Students will be culturally competent by demonstrating knowledge of geography and history of Chinese speaking countries and regions, and the ability to evaluate and analyze contributions of Chinese speaking countries and regions to the arts/culture, society and politics.

  • In their own and Chinese cultures Students can identify products and practices to help them understand perspectives. So they can interact at a survival level in some familiar everyday contexts.
  • In their own and Chinese cultures Students can make comparisons between products and practices to help them understand perspectives.
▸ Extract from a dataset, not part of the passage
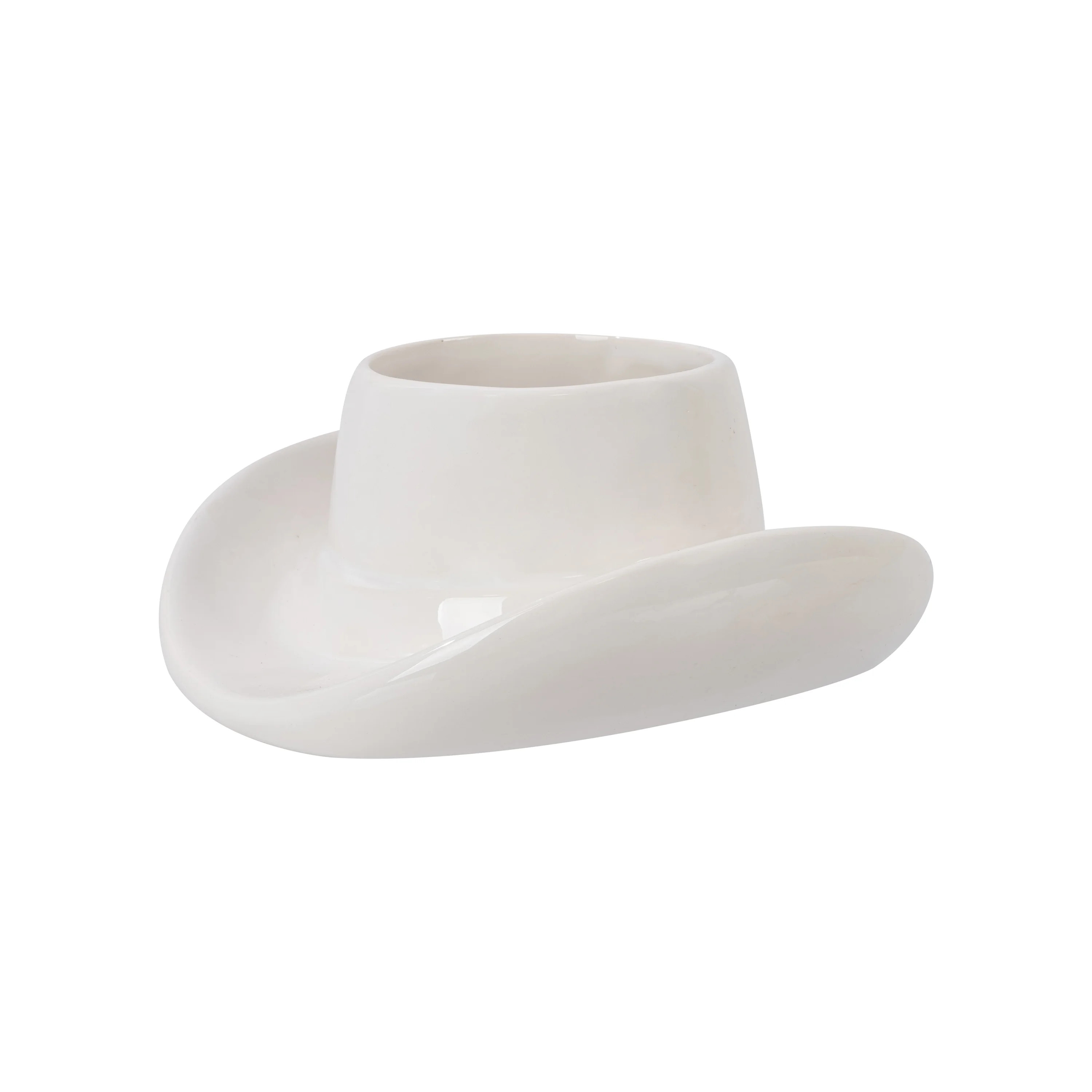 Mainstays 6.8" x 7.1" x 3.2" Round White Ceramic Cowboy Hat Planter | Walmart (US)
So they can interact at a functional level in some familiar contexts.
  • In their own and Chinese cultures Students can explain some diversity among products and practices and how it relates to perspectives, so that they can interact at a competent level in familiar and some unfamiliar contexts.
  • In their own and Chinese cultures, students can suspend judgment while critically examining products, practices, and perspectives, so that they can interact in complex situations to ensure a shared understanding of culture.
  • In their own and Chinese cultures, students can objectively evaluate products and practices and mediate perspectives, so that they can engage with complexity and pluricultural identities and serve as a mediator between and among cultures.

Professional Skills

Students will demonstrate a cross-cultural awareness enabling them to function in professional and social settings, demonstrating familiarity with professional etiquette and appropriate professional interactions.